The SFGate article begins with the re-naming of schools that has been taking place. Then it slides over to the issue of acronyms. 

Some in the district have now taken the confounding stance that acronyms are a symptom of "white supremacy culture" and are working to remove them from buildings.

Evidently the arts department, which has formerly been VAPA (Visual And Performing Arts) is now going to be the SFUSD Arts Department. Go figure.
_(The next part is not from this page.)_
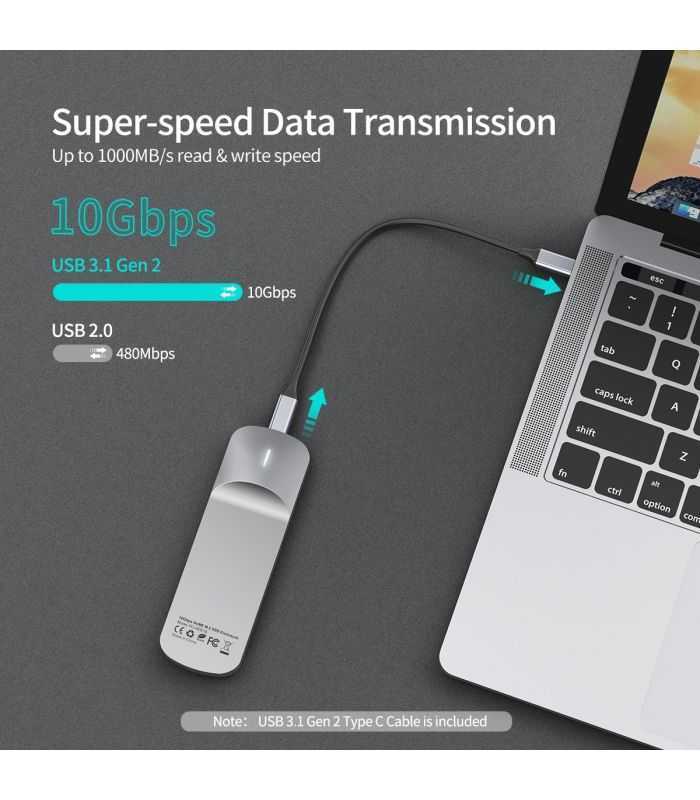 rack extern nvme m2 ssd usb type c gen 2 cu carcasa choetech pc hde16 1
In a Newsweek story about the acronym issue, Dem congressman Ted Lieu took to Twitter to say "This is stupid. Acronyms are not a symptom of white supremacy culture. They are shorthand to make communicating more efficient. For example, CAPAC stands for Congressional Asian Pacific American Caucus. Much easier to say CAPAC. Or ACLU. Or NAACP. Or NASA."

Exactly. 

You can read the full SFGate story here:
https://www.sfgate.com/local/article/school-renaming-SFUSD-acronyms-racist-15919053.php


4 comments:

Anonymous said...

here is link to the actual rationales and name changes proposed
School Names Research- For School Names Advisory Committee : Sheet1
https://docs.google.com/spreadsheets/d/16cre1vbJzE44JWmto_Ll7J06q9ZblQoBC-Eas3Qwf2c/htmlview?pru=AAABd3TR6pU*LgIUXMdAbDgbZIrf3VIwaA#gid=0

LEWagner said...

Much ado about nothing = deliberate distraction from the real issues.

LEWagner said...

Much ado about nothing = deliberate distraction from the real issues.

Anonymous said...

Good article in Reason magazine about this whole issue. I especially like the opening quote from Mark Twain.